Inconsistency openGL implementations

sharp · September 27, 2005, 11:28pm

One of major headaches to develop openGL applications is to deal with inconsistency between various openGL drivers among different vendors. Please give me some advice on how to solve some of my driver related issues.

I started to develop my openGL app on ATI card. I guess that I was spoiled by its openGL implementation and made some assumptions as basis of my application on sole experience working with ATI’s card. Then I move to test the app on NVidia card and found one of my assumptions (pixel ownership test) isn’t universally the same. Then further testing on Intel card, I found another early assumption of mine (scissor test) isn’t behaving the same. In the end, I have to fall back on Microsoft openGL implementation which is not-accelerated. Simply defeating the purpose of taking advatnge of hardware-acceleration offered by recent technology advance in graphics cards. Is this norm in openGL app development? In my experience, I found ATI and Microsoft openGL drivers are closely consistent. NVidia is less and Intel is worse. It’s very frustrating to see a solution developed on one openGL driver doesn’t work as expected on another driver.

The following are two problems that give me most headache and yet found reasonable solutions:

GL_BACK buffer becomes undefined. One of my early assumptions about openGL is to use GL_BACK frame buffer to serve as backing store for my window (multi-windows appl). This assumption works under ATI. For some reason, ATI never trashes GL_BACK frame buffer and always draw to the buffer even if it’s off-screen. As a result, I was able to use it as backing store for any expose events. Instead redraw expose area, I simply bitblt area by swapping buffers. However, this approach no longer works under NVidia and Intel openGL driver. For Nvidia card, GL_BACK frame buffer becomes undefined when a). it’s partially off-screen b). it’s partially obscured by other windows. For Intel card, GL_BACK buffer appears to become trashed once SwapBuffers() call is made.

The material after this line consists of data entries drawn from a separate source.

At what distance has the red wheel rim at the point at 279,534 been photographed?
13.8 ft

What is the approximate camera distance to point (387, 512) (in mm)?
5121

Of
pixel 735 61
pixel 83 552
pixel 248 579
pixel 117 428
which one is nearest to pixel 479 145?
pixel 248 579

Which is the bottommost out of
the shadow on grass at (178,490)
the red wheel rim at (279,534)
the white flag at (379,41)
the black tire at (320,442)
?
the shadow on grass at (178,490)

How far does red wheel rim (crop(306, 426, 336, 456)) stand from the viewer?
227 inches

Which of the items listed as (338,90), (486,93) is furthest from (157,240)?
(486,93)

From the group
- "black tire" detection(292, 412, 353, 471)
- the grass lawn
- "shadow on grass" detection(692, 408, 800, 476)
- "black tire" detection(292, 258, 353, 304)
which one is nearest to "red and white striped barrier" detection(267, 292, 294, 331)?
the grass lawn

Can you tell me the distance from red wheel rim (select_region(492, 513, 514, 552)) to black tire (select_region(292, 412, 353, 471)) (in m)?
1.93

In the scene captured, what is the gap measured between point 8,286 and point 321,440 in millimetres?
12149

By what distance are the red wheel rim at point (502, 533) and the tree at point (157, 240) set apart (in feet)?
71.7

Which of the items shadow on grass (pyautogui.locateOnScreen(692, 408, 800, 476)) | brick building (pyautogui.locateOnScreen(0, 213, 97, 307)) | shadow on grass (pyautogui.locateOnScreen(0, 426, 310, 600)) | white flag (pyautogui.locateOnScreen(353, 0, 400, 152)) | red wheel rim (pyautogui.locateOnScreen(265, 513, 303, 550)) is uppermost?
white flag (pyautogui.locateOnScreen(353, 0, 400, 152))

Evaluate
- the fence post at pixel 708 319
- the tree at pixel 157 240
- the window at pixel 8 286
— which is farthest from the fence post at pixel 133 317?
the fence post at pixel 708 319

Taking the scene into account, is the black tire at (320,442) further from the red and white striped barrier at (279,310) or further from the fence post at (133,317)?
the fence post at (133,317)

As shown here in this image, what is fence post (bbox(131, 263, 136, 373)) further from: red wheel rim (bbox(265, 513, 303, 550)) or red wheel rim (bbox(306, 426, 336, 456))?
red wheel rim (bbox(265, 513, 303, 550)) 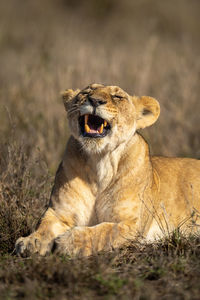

So I end up developing alternative approach to my backing store need, namely, do my own backing store. To do that, I need a reliable buffer to draw to and to capture my backing store. I can’t really rely on GL_BACK buffer due to different implementations of pixel ownership test. My only choice left is to use PBuffer, The problem with PBuffer is that it’s non-rectangle, slow pixel transfer to other buffers unless using certain WGL extension which doesn’t exist on Intel card; simply put, it has too many intermediate steps. Therefore, defeating the purpose of backing store. All I need is a magic PFD_XXX flag that would make all openGL drivers behave like ATI’s, namely, always draw to GL_BACK buffer even if it’s obscured or off-screen and never trash it unless it’s told so.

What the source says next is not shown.